Example 1: A pulling force F = 50 N acting on a block of mass 5 Kg at an angle of 37⁰ with horizontal as shown in the figure. the velocity of the block (in m/s) after 5 sec will be (assume initially block is at rest)

1) 40

2) 20

3) 10

4) 50

Solution :

Free body diagram of given block :

Horizontal component of the force, $\left(F_x\right)=F \cos 37^{\circ}=50 \times \frac{4}{5}=40 \mathrm{~N}$
Vertical component of the force, $\left(F_y\right)=F \sin 37^{\circ}=50 \times \frac{3}{5}=30 \mathrm{~N}$
Acceleration fo the block, (a) $=\frac{\text { component of force in the direction of acceleration }}{\text { mass }}$

$
a=\frac{40}{5}=8 \mathrm{~m} / \mathrm{s}^2
$
Now, from the equation of motion

$
\begin{aligned}
& v=u+a t \\
& v=0+8 \times 5=40 \mathrm{~m} / \mathrm{s}
\end{aligned}
$

Hence the answer is the option (1).

Example 2: A block of mass 5 Kg is at rest on a horizontal smooth surface. A constant force F = 10 N is applied horizontally on the block then the displacement (in meters) of the block after 2 sec will be

1) 4

2) 10

3) 8

4) 5

Solution :

Given :
Mass, $(\mathrm{m})=5 \mathrm{~kg}$
Initial velocity, $(\mathrm{u})=0$
Horizontal force, $(\mathrm{F})=10 \mathrm{~N}$
Time, $(\mathrm{t})=2 s$
Displacement, $(\mathrm{s})=$ ?
Free body diagram of given block :

$
\begin{gathered}
F=m a \\
\therefore a=\frac{F}{m}=\frac{10}{5}=2 \mathrm{~m} / \mathrm{s}^2
\end{gathered}
$
Now, applying 2nd equation of motion-

$
\begin{aligned}
& s=u t+\frac{1}{2} a t^2 \\
& s=0+\frac{1}{2} \times 2 \times 2^2 \\
& \Rightarrow s=4 m
\end{aligned}
$

Hence the answer is the option (1).

Example 3: In Fig, if the surfaces are frictionless

Tension (in N) will be:

1) 6.17

2) 3.37

3) 6

4) 10

Solution :

Let a be the horizontal acceleration of the whole system due to the horizontal component of force $F \cos 60^{\circ}$

$
\therefore a=\frac{\text { Net force along horizontal direction }}{\text { Total mass }}=\frac{F \cos 60^{\circ}}{7+12+15}=\frac{30}{34}=\frac{15}{17} \mathrm{~m} / \mathrm{s}^2
$
FBD of the 7 Kg block :

Using Newton's second law,

$
T_2=m a=7 \times \frac{15}{17}=6.17 N
$

Hence the answer is the option (1).

Example 4: Two blocks of mass 5kg and 5kg are connected by a string of mass 2kg as shown in Fig.

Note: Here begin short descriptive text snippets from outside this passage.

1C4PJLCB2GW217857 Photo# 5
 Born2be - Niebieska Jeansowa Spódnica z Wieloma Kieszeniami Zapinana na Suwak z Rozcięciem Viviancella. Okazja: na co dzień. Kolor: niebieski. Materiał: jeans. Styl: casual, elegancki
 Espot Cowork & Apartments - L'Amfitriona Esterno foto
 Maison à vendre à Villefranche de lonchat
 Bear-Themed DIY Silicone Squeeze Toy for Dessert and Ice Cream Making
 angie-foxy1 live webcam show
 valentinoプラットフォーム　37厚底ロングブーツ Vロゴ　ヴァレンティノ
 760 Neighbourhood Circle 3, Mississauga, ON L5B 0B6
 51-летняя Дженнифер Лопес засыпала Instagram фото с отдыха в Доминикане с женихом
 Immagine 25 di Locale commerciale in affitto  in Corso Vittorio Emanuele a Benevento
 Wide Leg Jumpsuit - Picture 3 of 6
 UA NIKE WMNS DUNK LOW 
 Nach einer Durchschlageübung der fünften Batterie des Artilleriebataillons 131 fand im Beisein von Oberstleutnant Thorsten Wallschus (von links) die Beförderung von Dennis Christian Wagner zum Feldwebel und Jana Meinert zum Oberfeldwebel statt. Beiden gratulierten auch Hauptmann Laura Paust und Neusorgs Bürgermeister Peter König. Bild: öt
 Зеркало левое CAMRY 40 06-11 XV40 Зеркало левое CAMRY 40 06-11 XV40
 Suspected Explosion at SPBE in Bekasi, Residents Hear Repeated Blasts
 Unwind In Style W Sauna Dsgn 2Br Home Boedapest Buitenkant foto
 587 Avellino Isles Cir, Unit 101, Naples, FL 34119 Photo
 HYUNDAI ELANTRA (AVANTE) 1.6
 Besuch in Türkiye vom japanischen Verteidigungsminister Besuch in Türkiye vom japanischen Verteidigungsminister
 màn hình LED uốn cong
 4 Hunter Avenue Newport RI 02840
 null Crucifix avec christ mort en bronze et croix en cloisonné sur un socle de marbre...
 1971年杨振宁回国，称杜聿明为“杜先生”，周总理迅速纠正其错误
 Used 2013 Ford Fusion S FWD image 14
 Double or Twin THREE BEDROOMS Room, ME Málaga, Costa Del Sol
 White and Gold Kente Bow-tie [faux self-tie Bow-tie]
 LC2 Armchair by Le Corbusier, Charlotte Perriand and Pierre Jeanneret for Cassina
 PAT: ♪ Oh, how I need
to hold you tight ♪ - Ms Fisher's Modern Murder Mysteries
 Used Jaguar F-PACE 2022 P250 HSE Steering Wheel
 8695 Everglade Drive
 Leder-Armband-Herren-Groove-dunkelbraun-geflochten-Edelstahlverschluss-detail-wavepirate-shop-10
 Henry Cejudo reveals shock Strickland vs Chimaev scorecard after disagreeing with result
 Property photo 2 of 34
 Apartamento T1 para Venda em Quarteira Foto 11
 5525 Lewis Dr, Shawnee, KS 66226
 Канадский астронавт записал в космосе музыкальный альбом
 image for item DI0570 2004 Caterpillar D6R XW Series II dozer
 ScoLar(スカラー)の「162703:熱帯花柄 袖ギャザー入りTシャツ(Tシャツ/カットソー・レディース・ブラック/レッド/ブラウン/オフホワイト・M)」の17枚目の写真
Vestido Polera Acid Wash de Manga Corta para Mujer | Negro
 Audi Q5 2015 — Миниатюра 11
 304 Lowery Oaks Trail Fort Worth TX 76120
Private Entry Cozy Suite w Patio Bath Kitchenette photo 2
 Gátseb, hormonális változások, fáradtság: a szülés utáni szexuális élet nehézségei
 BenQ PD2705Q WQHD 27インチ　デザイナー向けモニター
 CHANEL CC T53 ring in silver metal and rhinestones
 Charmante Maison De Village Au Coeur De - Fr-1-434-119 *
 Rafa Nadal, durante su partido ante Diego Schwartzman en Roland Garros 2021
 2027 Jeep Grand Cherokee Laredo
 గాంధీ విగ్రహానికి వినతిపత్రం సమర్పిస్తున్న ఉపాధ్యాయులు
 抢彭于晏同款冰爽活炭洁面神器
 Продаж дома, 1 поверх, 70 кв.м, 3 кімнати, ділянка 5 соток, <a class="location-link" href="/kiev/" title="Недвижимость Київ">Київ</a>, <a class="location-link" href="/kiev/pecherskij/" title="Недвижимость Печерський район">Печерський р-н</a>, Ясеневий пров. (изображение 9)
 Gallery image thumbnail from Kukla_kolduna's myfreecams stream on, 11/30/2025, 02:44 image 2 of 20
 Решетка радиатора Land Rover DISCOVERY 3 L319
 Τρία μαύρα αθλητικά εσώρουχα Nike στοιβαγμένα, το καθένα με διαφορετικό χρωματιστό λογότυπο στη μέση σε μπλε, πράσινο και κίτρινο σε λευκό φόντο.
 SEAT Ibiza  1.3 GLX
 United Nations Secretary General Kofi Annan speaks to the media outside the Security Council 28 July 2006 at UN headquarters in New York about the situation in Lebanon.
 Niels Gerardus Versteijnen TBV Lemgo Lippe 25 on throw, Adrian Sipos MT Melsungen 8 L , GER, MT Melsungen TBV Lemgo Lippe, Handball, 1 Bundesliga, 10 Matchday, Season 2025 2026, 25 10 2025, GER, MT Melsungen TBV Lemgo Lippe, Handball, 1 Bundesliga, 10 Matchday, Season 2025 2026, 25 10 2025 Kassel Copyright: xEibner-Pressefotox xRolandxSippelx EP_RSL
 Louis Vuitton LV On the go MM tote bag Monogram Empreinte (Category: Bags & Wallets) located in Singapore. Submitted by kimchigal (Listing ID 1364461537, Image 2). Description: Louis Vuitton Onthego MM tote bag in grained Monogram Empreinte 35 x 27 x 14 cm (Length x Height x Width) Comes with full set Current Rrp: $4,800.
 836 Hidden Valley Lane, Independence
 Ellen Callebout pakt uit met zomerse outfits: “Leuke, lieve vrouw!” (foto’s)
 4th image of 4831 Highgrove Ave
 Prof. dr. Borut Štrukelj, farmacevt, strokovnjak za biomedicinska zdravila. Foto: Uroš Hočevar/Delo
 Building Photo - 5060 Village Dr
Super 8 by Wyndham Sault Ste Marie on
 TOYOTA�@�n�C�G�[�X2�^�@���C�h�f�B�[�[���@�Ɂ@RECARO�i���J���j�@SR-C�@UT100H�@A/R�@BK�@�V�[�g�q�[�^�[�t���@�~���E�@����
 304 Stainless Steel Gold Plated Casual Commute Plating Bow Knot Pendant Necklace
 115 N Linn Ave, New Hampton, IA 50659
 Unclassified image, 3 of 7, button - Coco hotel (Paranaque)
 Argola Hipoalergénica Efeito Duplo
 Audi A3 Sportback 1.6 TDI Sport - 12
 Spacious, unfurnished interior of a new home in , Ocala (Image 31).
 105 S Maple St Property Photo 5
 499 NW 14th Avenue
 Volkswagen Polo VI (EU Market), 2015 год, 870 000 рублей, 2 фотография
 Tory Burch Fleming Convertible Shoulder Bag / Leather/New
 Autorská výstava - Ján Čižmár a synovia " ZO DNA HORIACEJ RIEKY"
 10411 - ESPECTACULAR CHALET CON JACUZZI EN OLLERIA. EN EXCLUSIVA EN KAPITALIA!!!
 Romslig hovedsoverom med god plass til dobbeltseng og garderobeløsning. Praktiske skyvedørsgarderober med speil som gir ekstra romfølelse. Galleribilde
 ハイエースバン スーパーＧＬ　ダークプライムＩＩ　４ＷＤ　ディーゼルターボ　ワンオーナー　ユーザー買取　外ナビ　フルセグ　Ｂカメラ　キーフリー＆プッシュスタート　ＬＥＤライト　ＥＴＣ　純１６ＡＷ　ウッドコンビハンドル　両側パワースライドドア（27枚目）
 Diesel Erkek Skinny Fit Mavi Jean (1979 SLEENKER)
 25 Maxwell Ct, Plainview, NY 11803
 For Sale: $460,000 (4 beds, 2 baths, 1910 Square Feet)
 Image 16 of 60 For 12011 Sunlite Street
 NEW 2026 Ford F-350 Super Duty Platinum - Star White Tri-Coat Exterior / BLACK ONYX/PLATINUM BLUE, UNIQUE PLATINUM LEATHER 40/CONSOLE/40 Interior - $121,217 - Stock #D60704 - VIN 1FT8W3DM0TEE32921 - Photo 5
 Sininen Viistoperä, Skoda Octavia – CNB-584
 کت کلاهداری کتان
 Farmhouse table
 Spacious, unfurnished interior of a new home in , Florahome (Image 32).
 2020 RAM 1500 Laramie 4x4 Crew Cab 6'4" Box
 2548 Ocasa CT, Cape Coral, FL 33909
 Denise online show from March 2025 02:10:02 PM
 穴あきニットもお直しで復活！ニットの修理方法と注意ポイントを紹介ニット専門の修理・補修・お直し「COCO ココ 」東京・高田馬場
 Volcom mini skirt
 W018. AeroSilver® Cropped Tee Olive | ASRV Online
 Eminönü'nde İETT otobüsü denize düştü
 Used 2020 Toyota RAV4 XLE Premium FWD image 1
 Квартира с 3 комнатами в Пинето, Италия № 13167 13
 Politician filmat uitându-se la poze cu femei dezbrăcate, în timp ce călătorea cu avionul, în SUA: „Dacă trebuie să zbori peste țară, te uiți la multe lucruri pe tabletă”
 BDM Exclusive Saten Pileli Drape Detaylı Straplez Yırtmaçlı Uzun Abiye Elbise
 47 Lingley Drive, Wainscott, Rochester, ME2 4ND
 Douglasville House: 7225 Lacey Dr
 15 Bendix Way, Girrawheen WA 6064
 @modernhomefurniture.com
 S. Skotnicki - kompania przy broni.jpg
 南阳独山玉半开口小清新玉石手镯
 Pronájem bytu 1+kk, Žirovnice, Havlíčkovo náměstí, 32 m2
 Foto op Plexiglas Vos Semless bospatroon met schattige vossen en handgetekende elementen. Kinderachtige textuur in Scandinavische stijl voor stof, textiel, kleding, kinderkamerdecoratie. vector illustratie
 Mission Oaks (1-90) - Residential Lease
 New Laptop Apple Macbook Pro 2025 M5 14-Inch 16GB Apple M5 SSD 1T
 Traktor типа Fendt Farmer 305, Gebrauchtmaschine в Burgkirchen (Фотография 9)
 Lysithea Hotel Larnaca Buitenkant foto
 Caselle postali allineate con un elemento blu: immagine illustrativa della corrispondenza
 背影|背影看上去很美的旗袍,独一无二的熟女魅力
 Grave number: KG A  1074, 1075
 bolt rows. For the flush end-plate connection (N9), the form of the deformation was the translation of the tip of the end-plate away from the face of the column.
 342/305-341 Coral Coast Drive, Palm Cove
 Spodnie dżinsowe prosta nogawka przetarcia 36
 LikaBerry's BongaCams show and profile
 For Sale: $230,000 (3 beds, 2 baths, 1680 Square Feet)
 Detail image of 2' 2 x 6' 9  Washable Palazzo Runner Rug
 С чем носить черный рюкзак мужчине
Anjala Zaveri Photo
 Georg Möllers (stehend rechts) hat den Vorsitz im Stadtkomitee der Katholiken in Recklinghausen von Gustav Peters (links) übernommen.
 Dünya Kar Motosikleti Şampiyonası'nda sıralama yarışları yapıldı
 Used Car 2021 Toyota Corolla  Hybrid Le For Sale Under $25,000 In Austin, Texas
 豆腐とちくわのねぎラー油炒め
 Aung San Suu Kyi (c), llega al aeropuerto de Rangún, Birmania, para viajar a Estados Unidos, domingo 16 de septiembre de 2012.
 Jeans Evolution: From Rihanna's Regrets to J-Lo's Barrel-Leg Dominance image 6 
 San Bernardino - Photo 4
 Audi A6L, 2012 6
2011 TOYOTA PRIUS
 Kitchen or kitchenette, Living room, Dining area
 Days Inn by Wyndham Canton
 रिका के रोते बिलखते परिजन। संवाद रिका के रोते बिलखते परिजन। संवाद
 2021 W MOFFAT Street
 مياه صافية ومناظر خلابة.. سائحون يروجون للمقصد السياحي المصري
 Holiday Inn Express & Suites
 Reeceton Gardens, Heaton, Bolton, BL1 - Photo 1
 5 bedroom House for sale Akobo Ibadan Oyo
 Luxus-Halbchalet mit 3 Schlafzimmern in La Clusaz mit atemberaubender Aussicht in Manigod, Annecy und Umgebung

Point Q is the midpoint of the string. A pulling force of 24N is applied on block 5kg at an angle of $60^{\circ}$ with horizontal. The tension (in N) at point Q is (all surfaces are frictionless).

1) 6

2) 10

3) 5

4) 10

Solution :

Let a be the horizontal acceleration of the whole system due to the horizontal component of force $F \cos 60^{\circ}$

$
\therefore a=\frac{\text { Net force along horizontal direction }}{\text { Total mass }}=\frac{24 \cos 60^{\circ}}{5+5}=\frac{12}{10}=\frac{5}{6} \mathrm{~m} / \mathrm{s}^2
$

FBD of the 5 Kg block

Using Newton's second law,

$
T=m a=5 \times \frac{6}{5}=6 N
$

Hence the answer is the option (1).

Example 5: A force of 50N acts in the direction shown in Fig. The block of mass of 5kg rests on a smooth horizontal surface. What is the acceleration of the block?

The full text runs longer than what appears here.